April 25, 2022—Lending Rates Rise – Forbes Advisor
Editorial Note: We earn a commission on partner links on Forbes Advisor. Commissions do not affect the opinions or ratings of our editors.
The average interest rate on 10-year fixed-rate private student loans rose last week. For borrowers looking for private loans to fill gaps to pay for higher education expenses, rates remain relatively low for borrowers with strong credit.
For borrowers with a credit score of 720 or higher who prequalified in Credible.com’s student loan marketplace from April 18 to April 22, the average fixed interest rate on a 10-year private student loan was 6.25%. On a five-year variable-rate loan, the rate was 4.74%, according to Credible.com.
Related: Best Private Student Loans
Fixed rate loans
The average fixed rate on 10-year loans last week rose 0.86% to 6.25%. The previous week, the average was 5.39%.
Borrowers looking for a private student loan can now qualify for a higher rate than they would have at this time last year. At this time last year, the average fixed rate on a 10-year loan was 5.85%, or 0.40% lower than the current rate.
If you were to fund $20,000 in student loans at today’s average fixed rate, you’d pay about $225 a month and about $6,947 in total interest over 10 years, according to Forbes Advisor’s student loan calculator.
Variable rate loans
The average five-year variable student loan rate rose 0.63% last week. It now stands at 4.74%.
Unlike fixed rates, variable interest rates fluctuate over the term of the loan. Variable rates can start lower than fixed rates, especially during times when rates are generally low, but they can increase over time.
Private lenders often offer borrowers the option of choosing between fixed and variable interest rates. Fixed rates may be the safest bet for the average student, but if your income is stable and you plan to pay off your loan quickly, it might be beneficial to choose a variable loan.
If you were to finance a $20,000 five-year loan at a variable interest rate of 4.74%, you would pay about $375 on average per month. In total interest over the term of the loan, you would pay approximately $2,503. Of course, since the interest rate is variable, it can fluctuate up or down from month to month.
Related: How to get a private student loan
Apply for a private student loan
Before turning to a private student loan, consider a federal student loan as your first option. Interest rates on federal student loans are generally lower – for example, for the 2021-2022 school year, the federal undergraduate student loan interest rate is 3.73%. Federal student loans also tend to have much more generous repayment and forgiveness options. Still, if you’ve reached federal student loan borrowing limits or don’t qualify, private student loans may be a good solution.

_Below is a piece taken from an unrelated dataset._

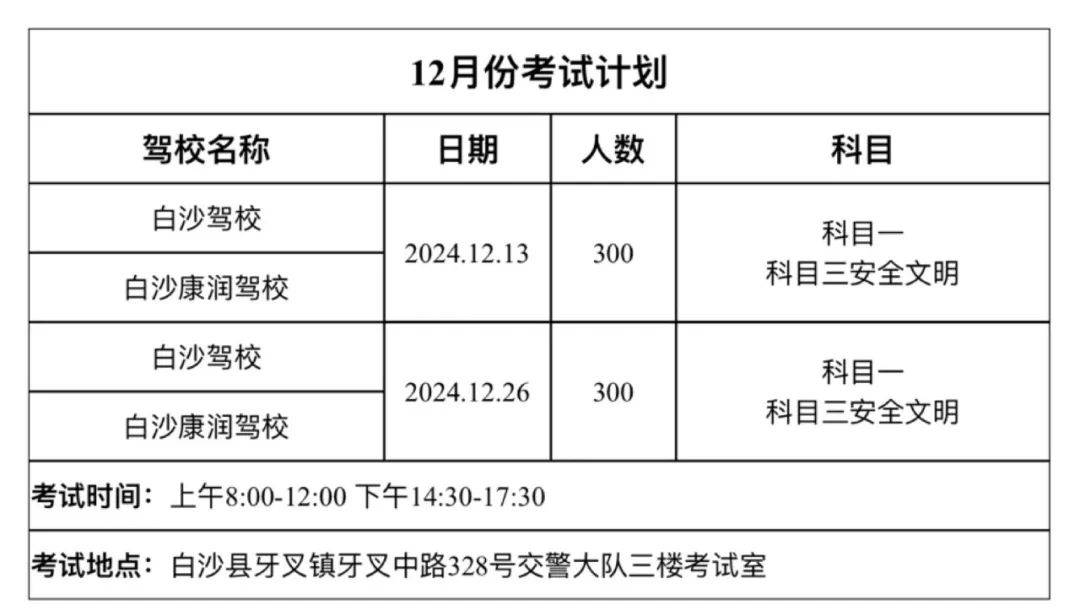 驾考人,12月考试时间来啦!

To obtain a private student loan, you will usually need to apply directly with a non-federal lender. You can find private student loans from banks, credit unions, and online entities. Nonprofit organizations, state agencies, and colleges also offer loans.
It is important to note that you will need a qualified co-signer if you have a limited credit history, as undergraduate students often do.
When applying for a private student loan, consider the following:
- Your qualities. Private student loans are credit-based. Lenders typically require a credit score above 600. This is where having a co-signer can be particularly beneficial.
- Where to apply. You can apply directly on the lender’s website, by mail or by phone.
- Your choices. Look at what each lender offers and compare the interest rate, term, future monthly payment, origination fees and late fees. Also check to see if the lender offers a co-signer release so that the co-borrower can potentially opt out of the loan.
How to Compare Private Student Loans
When comparing private student loan options, take a close look at the overall cost of the loan. This includes the interest rate and fees. It’s also important to consider the type of help the lender offers if you can’t afford your payments.
Remember that those with good or excellent credit usually get the best rates.
Experts generally recommend that you don’t borrow more than you will earn in your first year of college. While some lenders cap the amount of money you can borrow each year, others don’t. When comparing loans, determine how the loan will be disbursed and what costs it will cover.
How lenders determine your rate
The rate you receive varies depending on whether you get a fixed or variable loan. Rates are partly based on your creditworthiness – those with higher credit scores often get the lowest rates. But your rate is also based on other factors. Credit history, income, and even the degree you’re working on and your career can all play a role.